Un raid che stravolge quella sorta di equilibrio tacito che in qualche modo tratteggiava una timida linea di confine tra criminalità e legalità, sancendo che per questa camorra non esistono limiti inviolabili.
Passato lo sconcerto del trauma iniziale, le attenzioni degli inquirenti si riversano sulle tracce utili a conferire un’identità e un movente a quel raid.
Tracce che conducono ad una decisione del Tribunale dei minori di Napoli, su richiesta della Procura dei Colli Aminei e della Dda di Napoli.
Un decreto di allontanamento temporaneo di due minori, figli di una giovane donna incensurata e di un boss latitante, che da almeno tre anni semina terrore a Secondigliano. È ritenuto esponente di spicco del clan della Vannella grassi – i cosiddetti “girati” –capace di compiere plurimi reati, in primis, commissionare e mettere a segno plurimi omicidi.
Due giorni fa i carabinieri sono entrati in casa della giovane donna per portare via i bambini: un provvedimento adottato a tutela degli stessi minori, di fronte al fatto che la donna ha incontrato il marito anche durante la sua latitanza e in relazione a una sua parentela con un pentito. Una misura di precauzione temporanea, unica nel suo genere, almeno per quanto riguarda il contesto criminale napoletano. Una decisione presa su input delle indagini del pool anticamorra guidato dal procuratore aggiunto Filippo Beatrice.

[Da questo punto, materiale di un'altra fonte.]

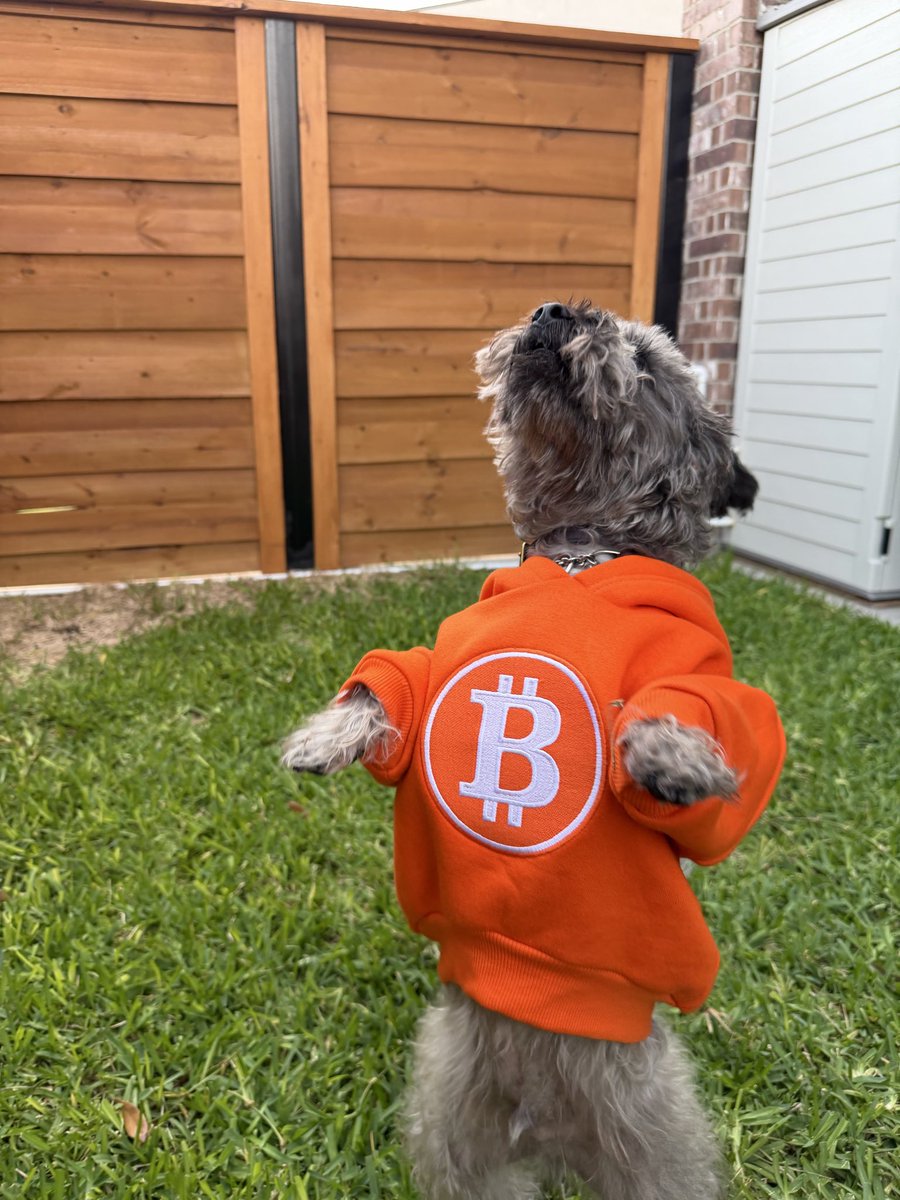 $DOGONTHEMOON tweet media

I bambini sono in località protetta fuori regione e non accolti in una comune casa famiglia, di fronte alla prevedibile reazione del contesto criminale del boss latitante. Non possono incontrare la mamma, che nel frattempo si è appellata allo stesso Tribunale dei minori, che ha fissato una udienza il prossimo 30 giugno.
Moglie di un boss latitante, con un parente pentito in casa, «non si è voluta sottoporre a misure di protezione, così facendo ha messo in pericolo l’incolumità dei figli minori». Quanto basta – ragionano i magistrati – per sospendere la patria potestà in attesa di una sentenza definitiva, quanto basta a sollevare un caso. A questo punto, la donna ha una sola strada per riabbracciare i propri figli: può decidere di aderire al programma di protezione, troncando i ponti con il marito latitante e mettendosi al riparo anche rispetto alle possibili vendette trasversali, quelle ordite per zittire un collaboratore di giustizia. Uno scenario troppo delicato, che ha spinto gli inquirenti a muoversi d’anticipo per sottrarre i figli a genitori incapaci di tutelarli e affidarli alla comunità. Una vicenda che si è poi arricchita di informazioni raccolte sul territorio.
Potrebbe essere proprio quella raffica di colpi riversata contro la stazione dei carabinieri la prima reazione del padre che non ha recepito di buon grado quella decisione, a supporto di questa tesi, una serie di intercettazioni estrapolate da un dialogo tra un uomo e una donna, il primo urla con rabbia l’impellente necessità di “pompare”.
Un collegamento, quello tra il raid e l’ira che trapela dalla suddetta conversazione, legittimato anche da un’altra espressione: «Allora non hai capito? – urla l’uomo alla donna – portami i fucili, devo avere i fucili pronti…».